Wikipedia: Predicate transfer

I also found this article,

Academia: Pieces of Predicate Transfer [Edited transcript of talk, 2012]

Sadly nowhere else than academia.edu, so I'm not strictly able to cite it using a typical referencing system and am unable to check its provenance. Nonetheless I've had a look through it. It uses the same example as in the wikipedia entry, regarding being "parked", to me the term predicate transfer here appears only to justify the application of esoteric language to the semantic meaning. Example 4 in the article, "the ham sandwich at table 7 is getting restless" sounds like a metonym, and not more. The person at table seven has been substituted for a related characteristic (I'm not sure if the ham sandwich that this person is waiting for quite qualifies as an adjunct).

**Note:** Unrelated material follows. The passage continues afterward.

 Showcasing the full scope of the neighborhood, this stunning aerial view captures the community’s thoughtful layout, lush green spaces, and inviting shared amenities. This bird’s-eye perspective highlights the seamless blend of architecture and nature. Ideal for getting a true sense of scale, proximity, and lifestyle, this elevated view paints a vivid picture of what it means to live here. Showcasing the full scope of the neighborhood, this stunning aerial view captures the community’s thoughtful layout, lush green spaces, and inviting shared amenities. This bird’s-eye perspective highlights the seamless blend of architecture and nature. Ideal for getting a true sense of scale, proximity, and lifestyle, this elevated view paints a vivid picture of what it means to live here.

Or does predicate transfer describe a metonym, in the sense that a metonym exemplifies predicate transfer but doesn't describe it. In sort of hypo/hyper-nymic relationship, where x (metonym) is a kind of y (predicate transfer) and y is not strictly a kind of x.

Is anybody able to clear this term up, or alert me to something I have missed or am missing?

Many thanks, Andrew

  • I had not heard of it before - it seems to be, as you suggest, a form of metonymy, synecdoche or transferred epithet applied to the entire predicate. If it were called "Transferred Predicate" it might be more helpful as a term.
    – Greybeard
    Aug 20, 2021 at 19:49
  • This appears to be just another synonym for metonymy. The way to make a name in linguistics is to make a Name in linguistics and then use it exclusively, instead of the old name. Aug 21, 2021 at 19:39

1 Answer 1


Predicate transfer

Many referential metonyms are direct stand-ins. Ham sandwich over there is getting ready to pay and leave. There is no transfer of the predicate:

[something (ham sandwich) = someone (that person)] is getting ready to pay and leave.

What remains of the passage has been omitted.